NAB Ventures and Larsen Ventures have invested in Edstart’s Series A funding round. 

Founded in 2016, Edstart offers funding packages for school fees through a platform that provides parents with the option to spread their payments over a plan through two core products, Edstart Pay and Edstart Extend. 

Edstart Pay allows parents to spread the fees in smaller payments throughout the year easing the challenge of cash flow timing. The payment plan enables parents to pay in weekly, fortnightly or monthly instalments over a 12-month period covering the school year.

Edstart Extend is a funding package designed to extend the education fees for up to five years post-graduation, reducing the individual yearly payments.

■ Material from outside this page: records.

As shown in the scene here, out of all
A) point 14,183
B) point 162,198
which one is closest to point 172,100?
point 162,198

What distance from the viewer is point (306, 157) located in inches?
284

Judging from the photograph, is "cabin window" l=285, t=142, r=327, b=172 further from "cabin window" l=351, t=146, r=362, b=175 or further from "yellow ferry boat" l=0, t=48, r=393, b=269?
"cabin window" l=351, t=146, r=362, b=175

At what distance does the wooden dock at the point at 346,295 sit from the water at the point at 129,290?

As part of the investment, Todd Forest, managing director at NAB Ventures will be appointed as a director of the board. Commenting on the investment, Forest said the education financing space was an untapped market in Australia.

“We know more than one in three Australian families currently send their children to a non-government school, with school fees only increasing year on year. 

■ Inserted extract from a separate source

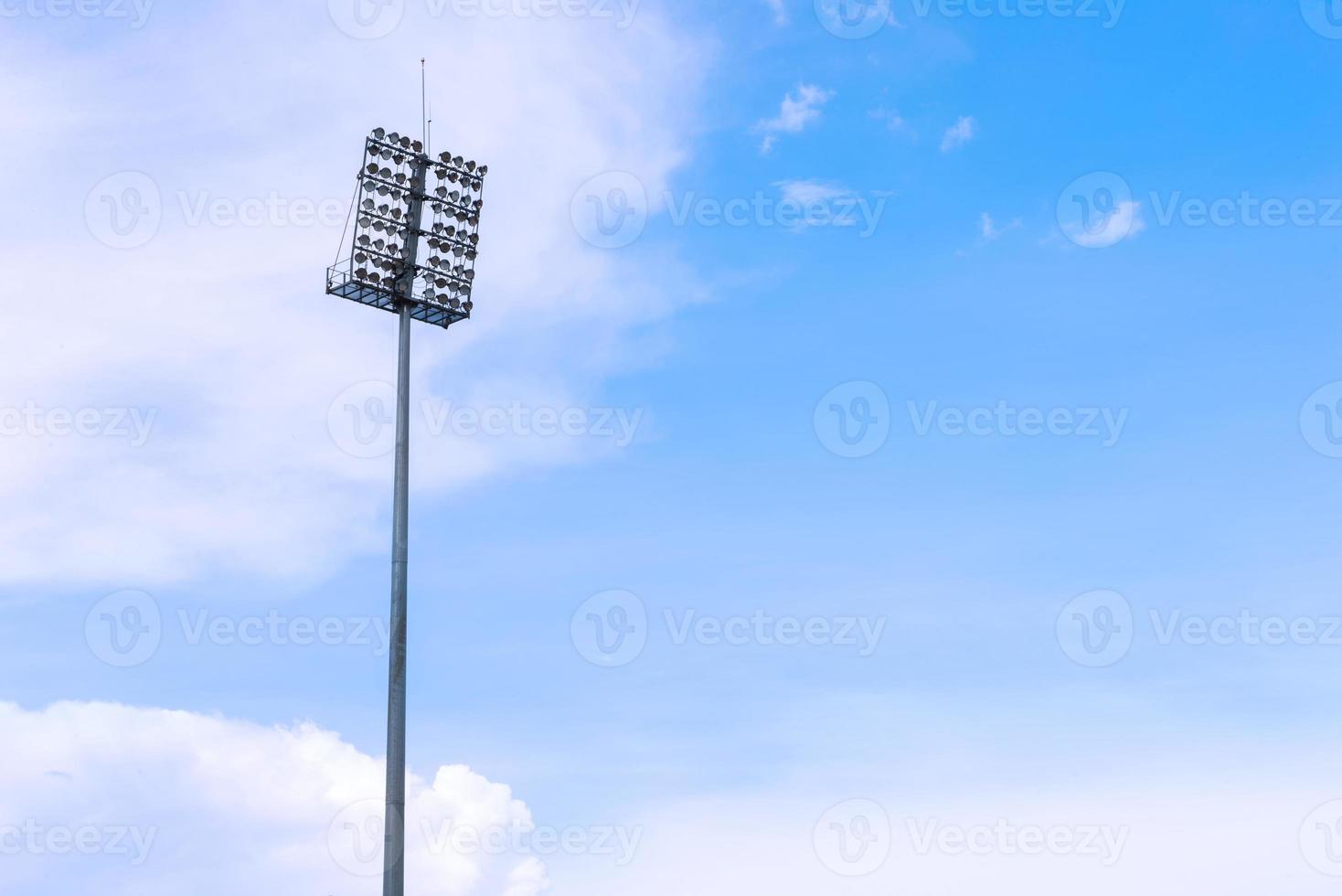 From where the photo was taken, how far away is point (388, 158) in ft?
95.5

Jack Stevens, CEO, Edstart

“We’ve banked the education sector for over 150 years and currently bank more than 30 per cent of independent schools across Australia. We’re excited to see how Edstart can further develop its offering to alleviate the cash flow burden on families and help children maximise their potential.”

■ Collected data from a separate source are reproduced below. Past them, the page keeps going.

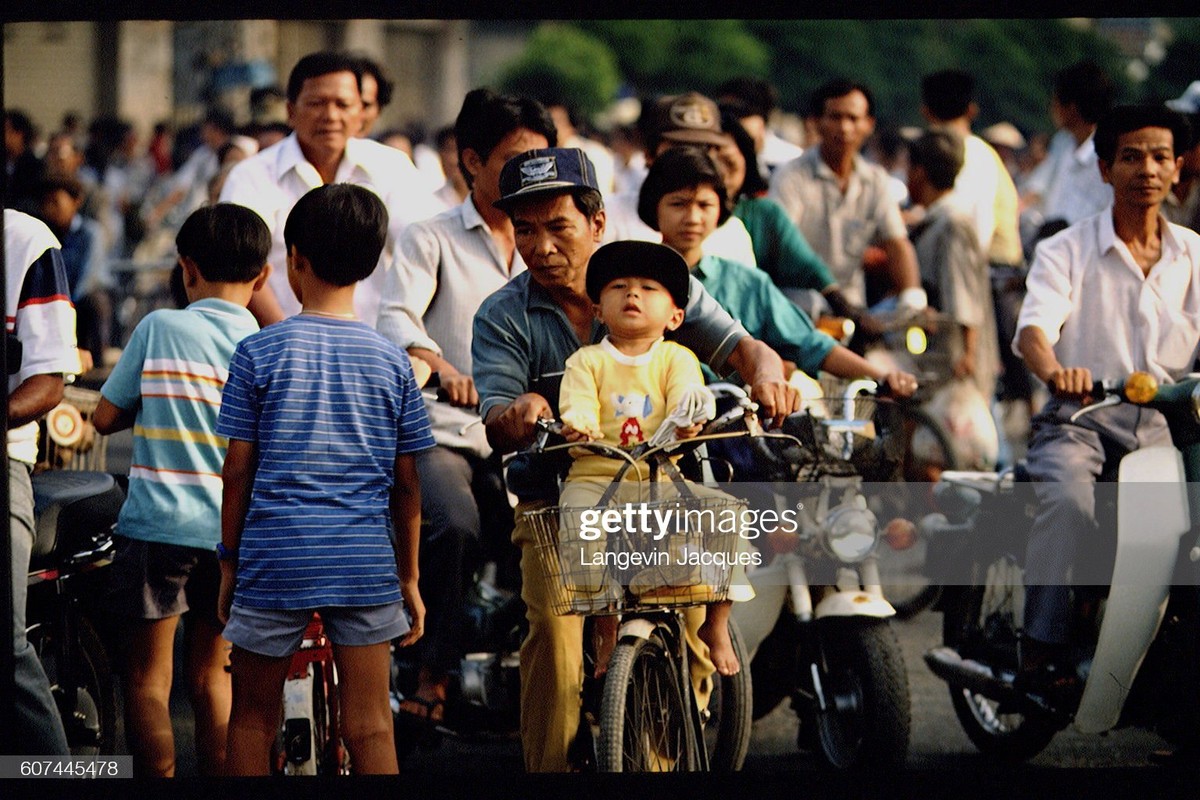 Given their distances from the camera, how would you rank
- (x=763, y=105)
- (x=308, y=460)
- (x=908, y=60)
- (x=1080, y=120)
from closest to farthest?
(x=308, y=460)
(x=1080, y=120)
(x=763, y=105)
(x=908, y=60)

According to NAB, school fees are one of the largest household expenses presenting a cash flow problem, given parents are invoiced with a significant lump sum payment every school term, particularly in multi-child households.

Jack Stevens, CEO at Edstart said the platform would enable a smarter approach to school fees, with the primary focus easing the burden of cashflow issues for parents.

“We believe education is the world’s most powerful investment and we’re on a mission to help people pay for that in a smarter way. 

“Schooling costs vary greatly and while school fees are known from the outset, it’s often the timing of when payments are due or how much is due at once, that causes cash flow issues for parents and schools.”